**Provided material**.
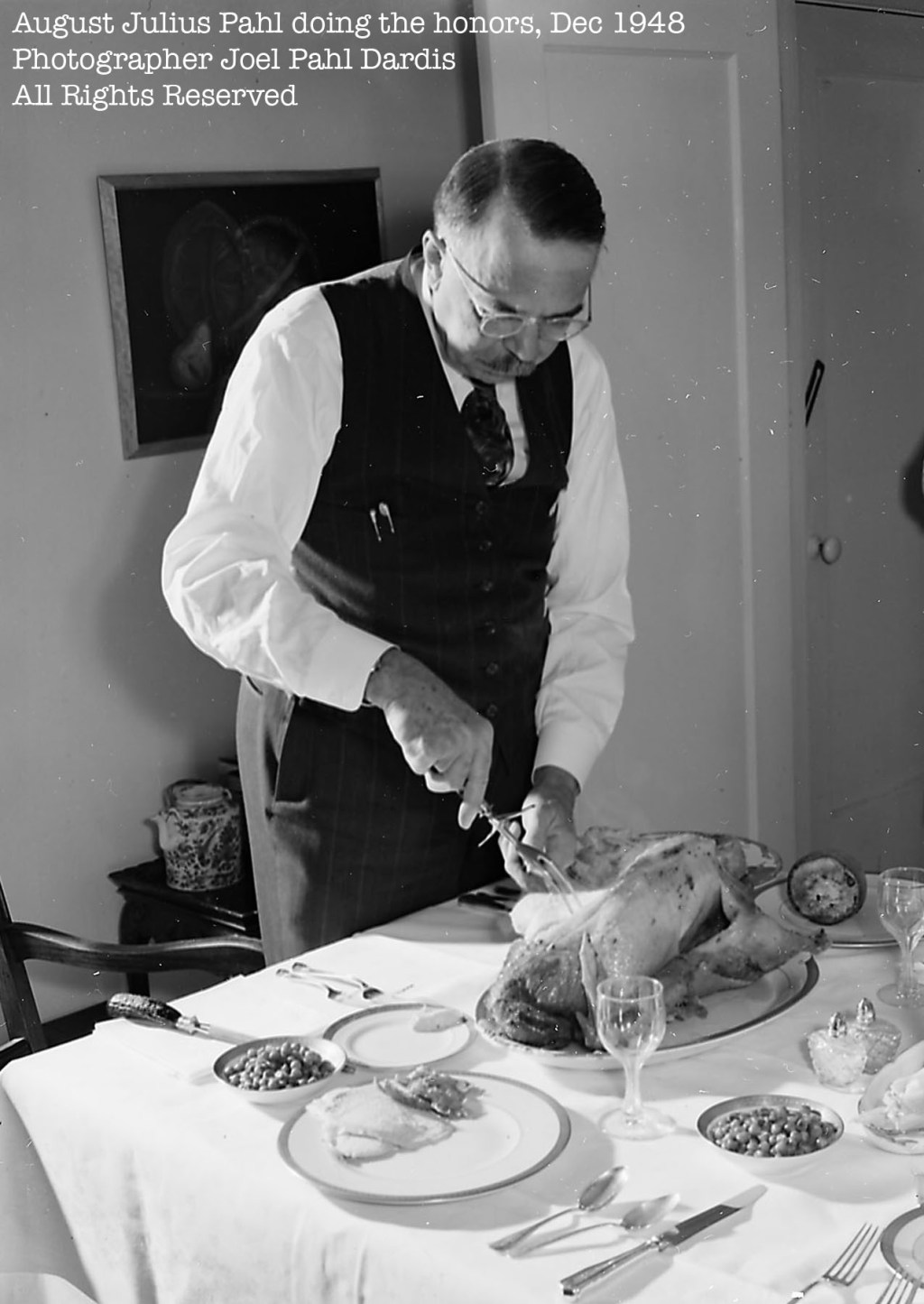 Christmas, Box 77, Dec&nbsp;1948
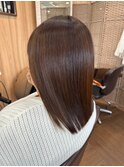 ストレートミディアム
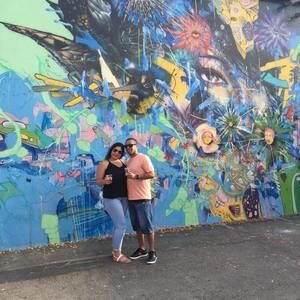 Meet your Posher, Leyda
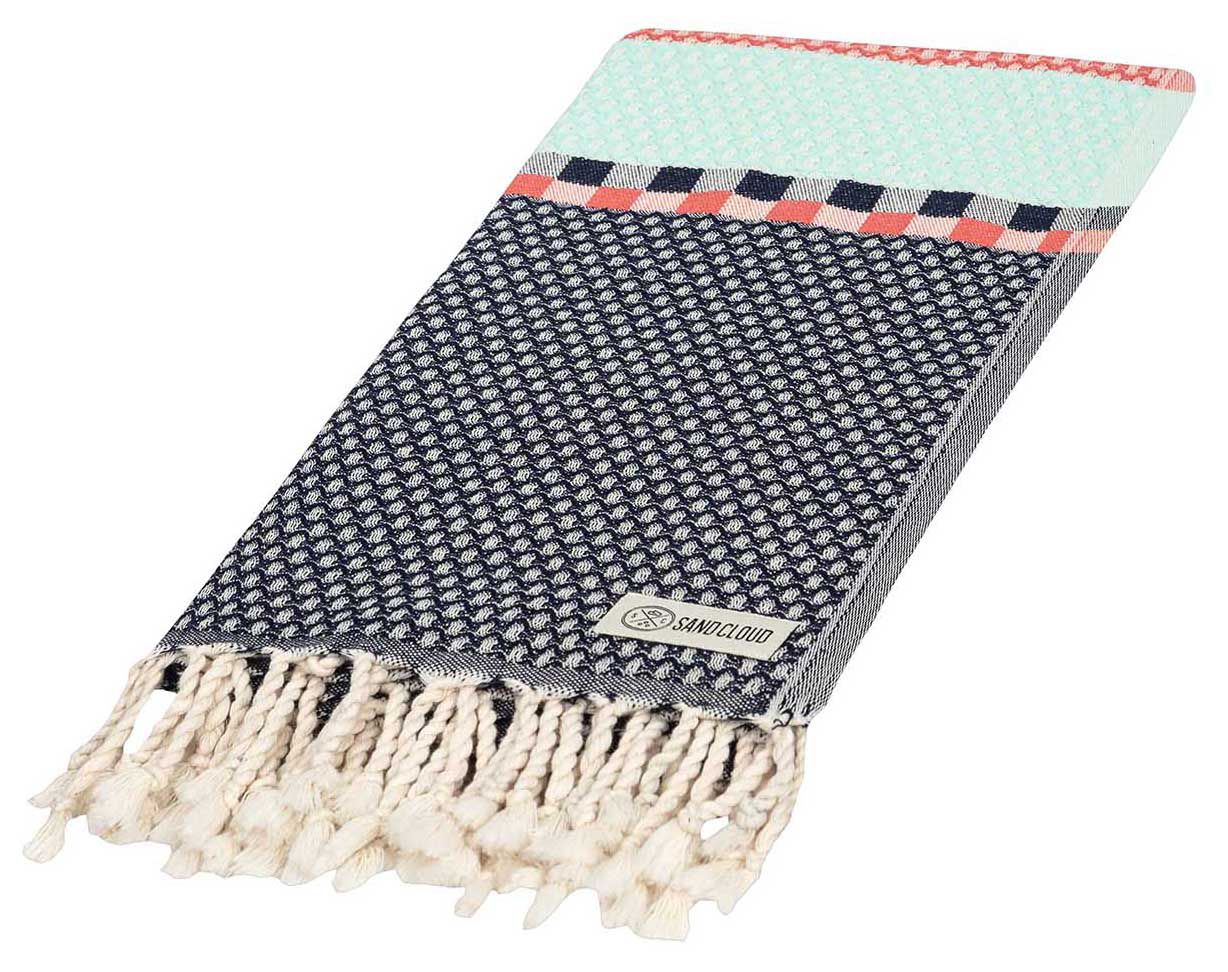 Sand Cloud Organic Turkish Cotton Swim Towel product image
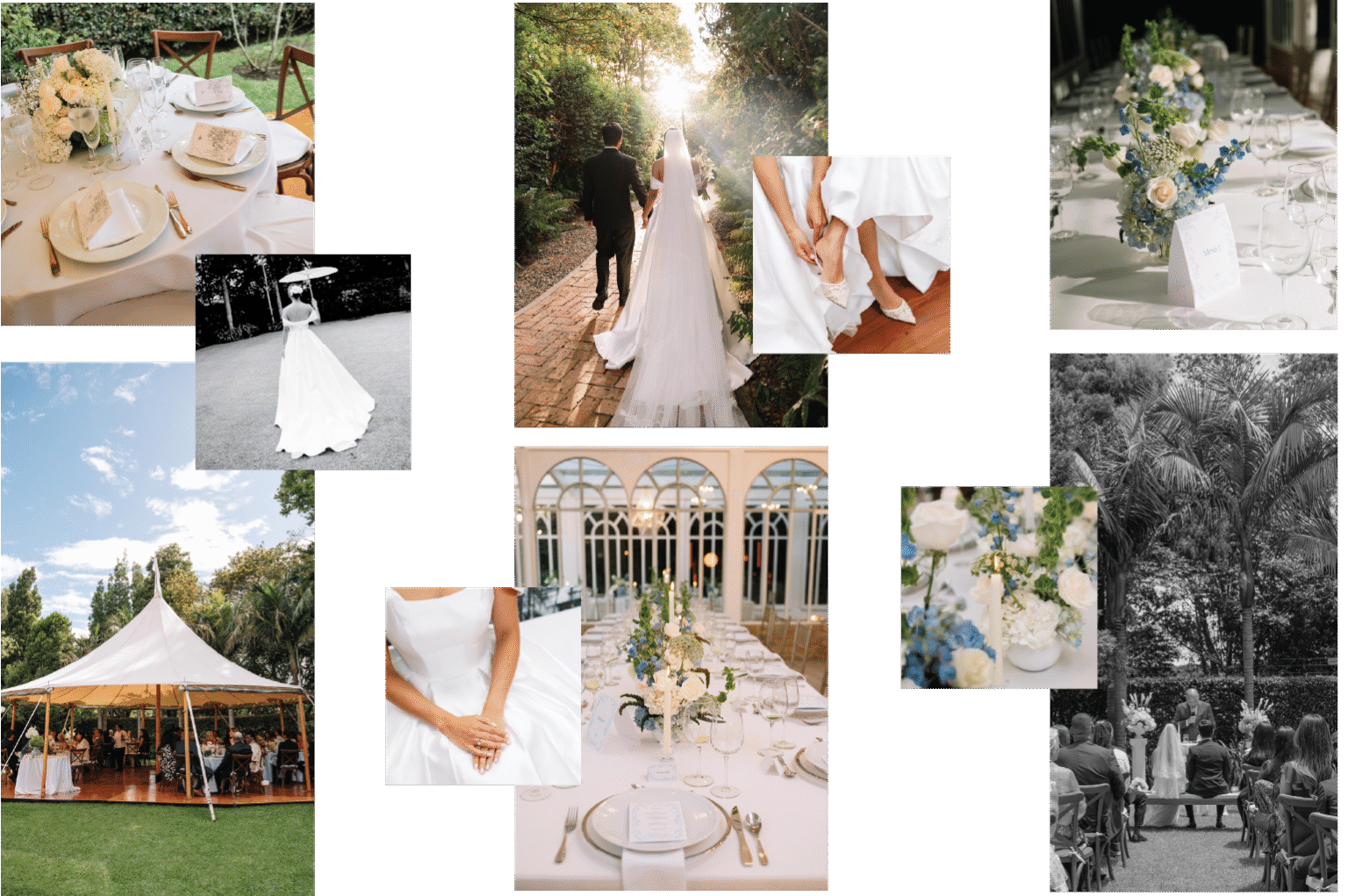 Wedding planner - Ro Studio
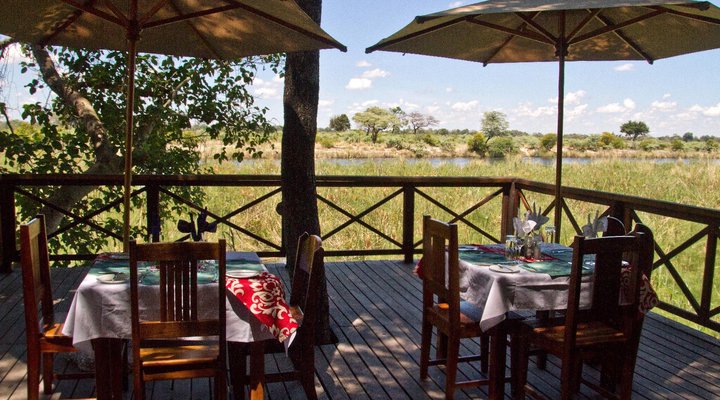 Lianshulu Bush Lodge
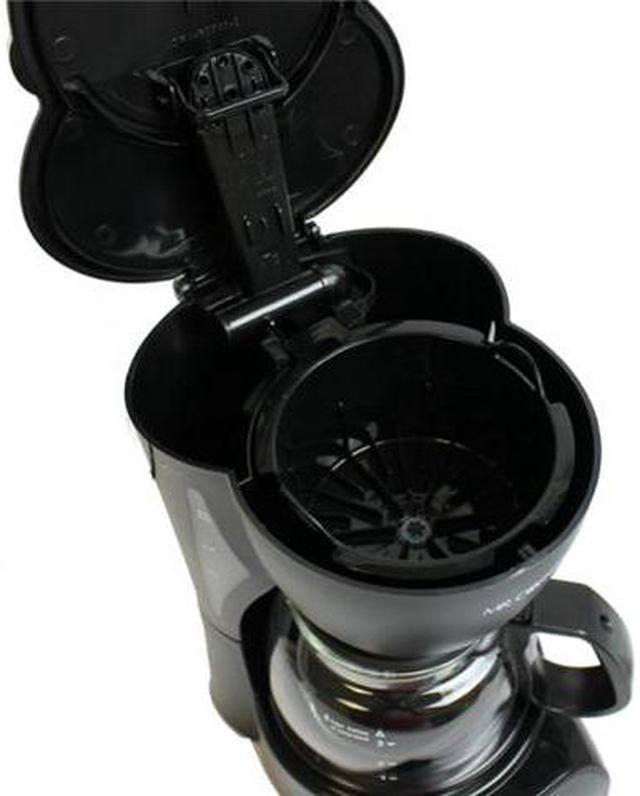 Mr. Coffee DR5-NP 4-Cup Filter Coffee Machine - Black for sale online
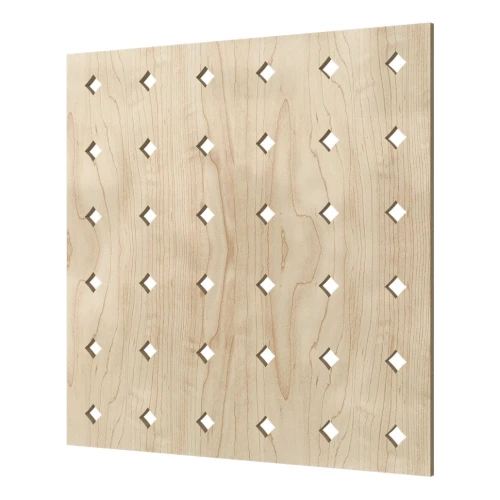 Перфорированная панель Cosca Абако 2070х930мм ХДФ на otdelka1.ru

**Exercise directions**.
Pictures are to be omitted. Output verbatim only the lines from the one holding "Meet your Posher, Leyda" through the end of the material, both included.

**Your response**.
 Meet your Posher, Leyda
 Sand Cloud Organic Turkish Cotton Swim Towel product image
 Wedding planner - Ro Studio
 Lianshulu Bush Lodge
 Mr. Coffee DR5-NP 4-Cup Filter Coffee Machine - Black for sale online
 Перфорированная панель Cosca Абако 2070х930мм ХДФ на otdelka1.ru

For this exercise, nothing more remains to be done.